When To Communicate Rather Than Promise

I find myself making promises sometimes that are really more for me. I don’t really like that anymore because I see something else now. For example, I’ll make a promise to my 4 year old that I’m going to do this or that with him because that will make him feel happy. Then I notice I’m making this promise to him in the midst of a crazy day or week and I have told him “sorry bud not right now” or “maybe later” about 10 times already. On the surface, that promise is innocent and buys me some time. It takes the pressure of me (so I thought) and allows my son to find something else to do until I can get done with what I’m doing. All set, right? Eh. Let’s talk some more.

So now that I’m off work my son knows that and he is simply ready for me to fulfill that promise. After all, he held up his end of the promise by accepting this offer and putting his vulnerability (his need for me) away temporarily based on my end of the promise. A promise is a two way deal and you are not the only one putting yourself on the line for it. So now it’s after work, I’ve come out of my home office to some housework and it’s also time to cook. Oh yeah and I’m tired and don’t want any more social interaction at the moment. Then what happens is I forcefully accept that I made a promise and go “spend time” with my son. You know, that time that no one wants because people want you to want them and not just do something from a legal mindset and it’s so easy to tell. Now he feels crushed and is done playing. A 4 year old, done playing. From here I feel regret and weak and shameful because I couldn’t put my feelings away long enough to meet his needs. I now feel inadequate and I’m touchy. My wife can tell so there are no opportunities for connection there either. “Why can’t I catch a break! I just want some time to recharge!” You start questioning if you are being selfish and here you are, down this road of garbage. I am the one that did this though.

See when I made that promise to Elijah it wasn’t just me putting my neck out there. He had a part as well that also put himself out there. This is how a promise creates risk for both the promiser and the promisee:


Since it is now clear that a promise is a two-part deal and we are pulling another person into this place of responsibility, we have to start being very careful with our promises. We should only make promises we plan on keeping come hell or high water. Proverbs 22:26-27 talks about accepting someone else’s debt (risk) but it gives us this principle that we should not offer something we are not good for:

“Don’t agree to guarantee another person’s debt or put up security for someone else. If you can’t pay it, even your bed will be snatched from under you.”

The benefit of keeping your word as a man will affirm yourself in a very deep way. This is all based on the scripture (Matthew 7:12, The Golden Rule) that we should treat others as we want to be treated-we treat other people with care and respect because that’s what we want. If you expect that treatment but do not provide it, you may have some difficult truths to accept about yourself in order to grow.

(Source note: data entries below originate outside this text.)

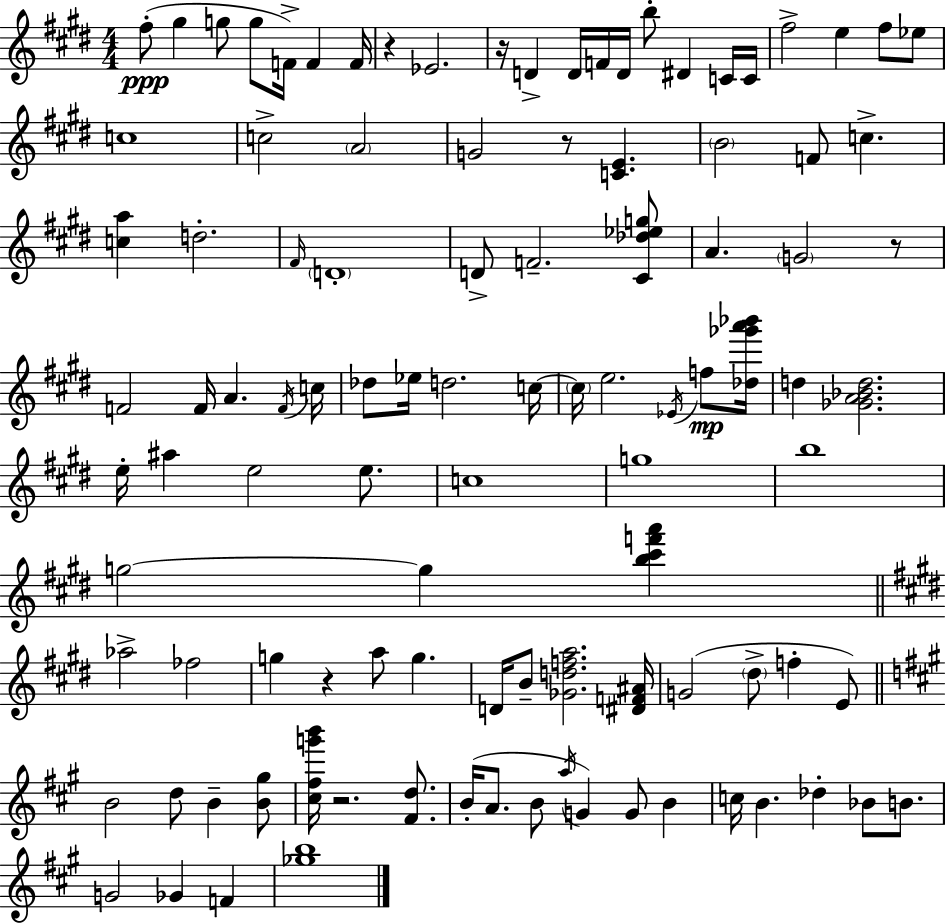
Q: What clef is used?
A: treble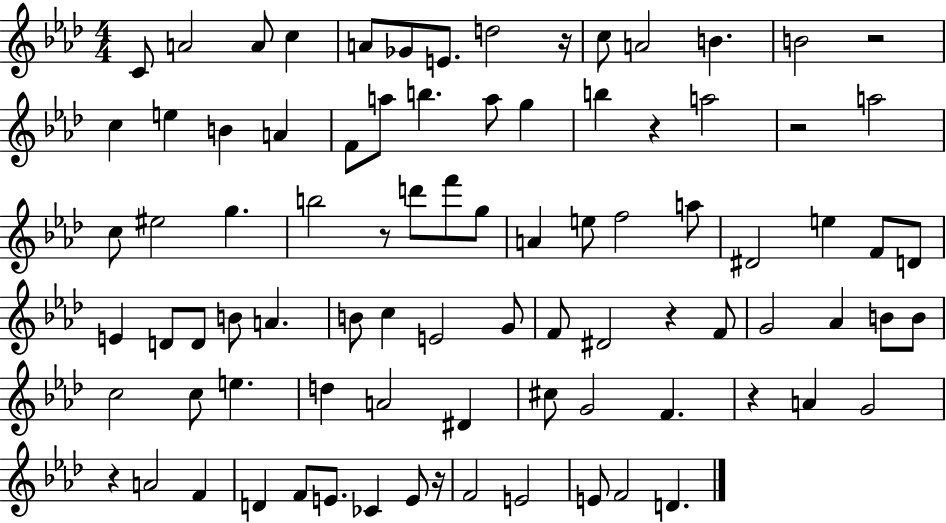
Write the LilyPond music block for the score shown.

{
  \clef treble
  \numericTimeSignature
  \time 4/4
  \key aes \major
  c'8 a'2 a'8 c''4 | a'8 ges'8 e'8. d''2 r16 | c''8 a'2 b'4. | b'2 r2 | \break c''4 e''4 b'4 a'4 | f'8 a''8 b''4. a''8 g''4 | b''4 r4 a''2 | r2 a''2 | \break c''8 eis''2 g''4. | b''2 r8 d'''8 f'''8 g''8 | a'4 e''8 f''2 a''8 | dis'2 e''4 f'8 d'8 | \break e'4 d'8 d'8 b'8 a'4. | b'8 c''4 e'2 g'8 | f'8 dis'2 r4 f'8 | g'2 aes'4 b'8 b'8 | \break c''2 c''8 e''4. | d''4 a'2 dis'4 | cis''8 g'2 f'4. | r4 a'4 g'2 | \break r4 a'2 f'4 | d'4 f'8 e'8. ces'4 e'8 r16 | f'2 e'2 | e'8 f'2 d'4. | \break \bar "|."
}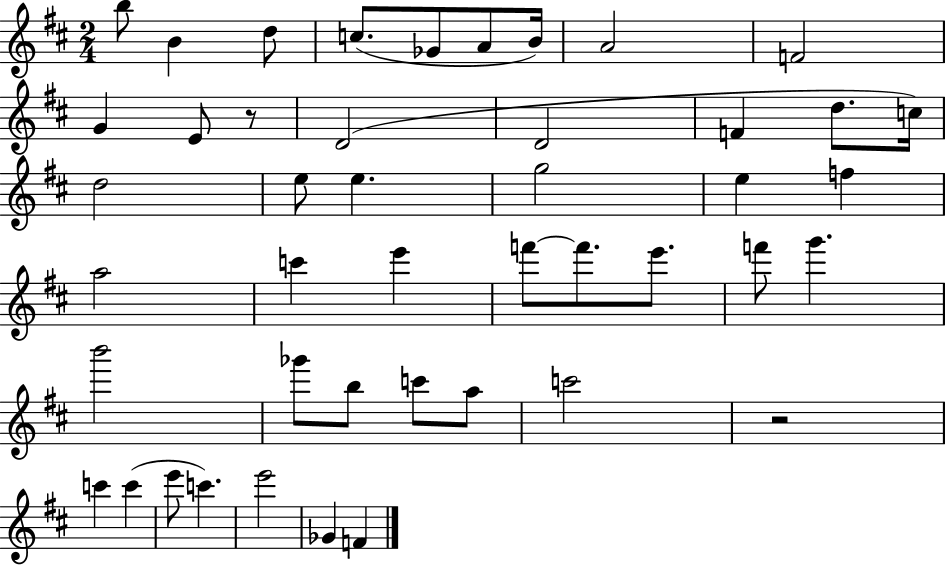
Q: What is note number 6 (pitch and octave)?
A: A4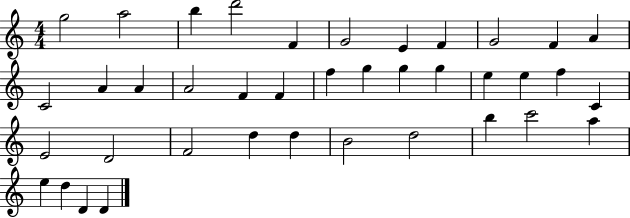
X:1
T:Untitled
M:4/4
L:1/4
K:C
g2 a2 b d'2 F G2 E F G2 F A C2 A A A2 F F f g g g e e f C E2 D2 F2 d d B2 d2 b c'2 a e d D D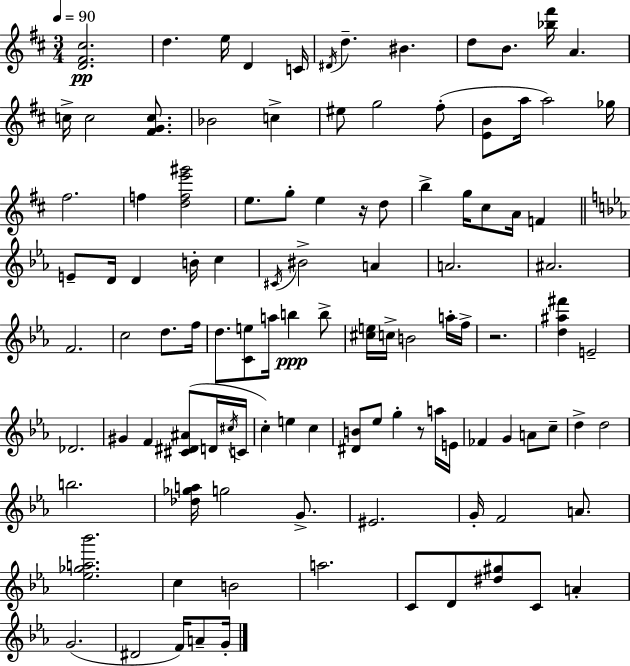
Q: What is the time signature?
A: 3/4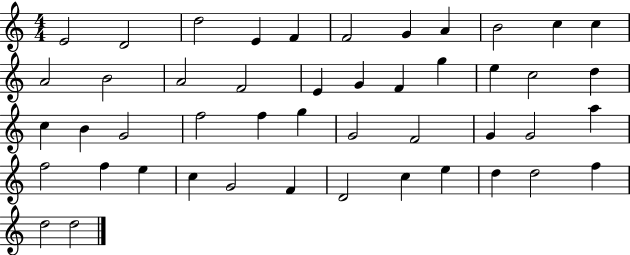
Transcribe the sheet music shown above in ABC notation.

X:1
T:Untitled
M:4/4
L:1/4
K:C
E2 D2 d2 E F F2 G A B2 c c A2 B2 A2 F2 E G F g e c2 d c B G2 f2 f g G2 F2 G G2 a f2 f e c G2 F D2 c e d d2 f d2 d2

So what could I have done besides make the promise? I mean I was a bit backed in the corner, right? My son was upset and what I said made him feel better for a bit. I could have just talked to him. Communicate.

What would have happened had I removed that pressure from myself? Didn’t I know that by the end of my workday I wasn’t going to feel like being goofy and playing right away? I knew I would have to cook and eat and I knew I would need a few minutes to myself to “switch hats” from work to dad. I know that had I not had that pressure, all those feelings of inadequacy would have been eliminated. That would have allowed me an opportunity to connect with my wife, which I obviously needed. Then I could have connected with my son after getting fueled up a little myself. So what would that communication have looked like?

I think something like this: “Elijah, daddy is working today and I miss you so much! Today I’m doing this at work.. but I’ll be ready to play as soon as I can.” Maybe you could help me with dinner after work and then once our tummies are full we can see what we want to do?”

This is a perfect example of when just communicating is actually better than a promise. Sometimes it has been a crazy week and I need to make that promise that I will make happen if it’s the last thing I do. But here, it’s just a normal day. Here’s why this is more appropriate than a promise:

  • It takes the pressure off you. This removes that horrible feeling of letting someone down.
  • It protects the other person from disappointment, which in turns protects us from the pain we create for people.
  • It gives them an opportunity to show you some love. I believe people are generally good. So if they know you are having a tough day, I’m sure they go into help mode. That makes them feel good (and occupies their time), which makes you feel good and want to return it.

In this situation, no one hurts and we all move forward and connect when we can without forcing it. There will be times when things are just tough but even then, keep communicating. Don’t resort to a promise, ever, unless you are able to accept the risks of all the people involved and stay within your means.

Next time you are pulled in different directions by those people or things you love, weigh your priorities and go down the list. Then you can determine who is impacted. Your kids, your wife, your friends? Then decide if you should just communicate or if you should make that promise.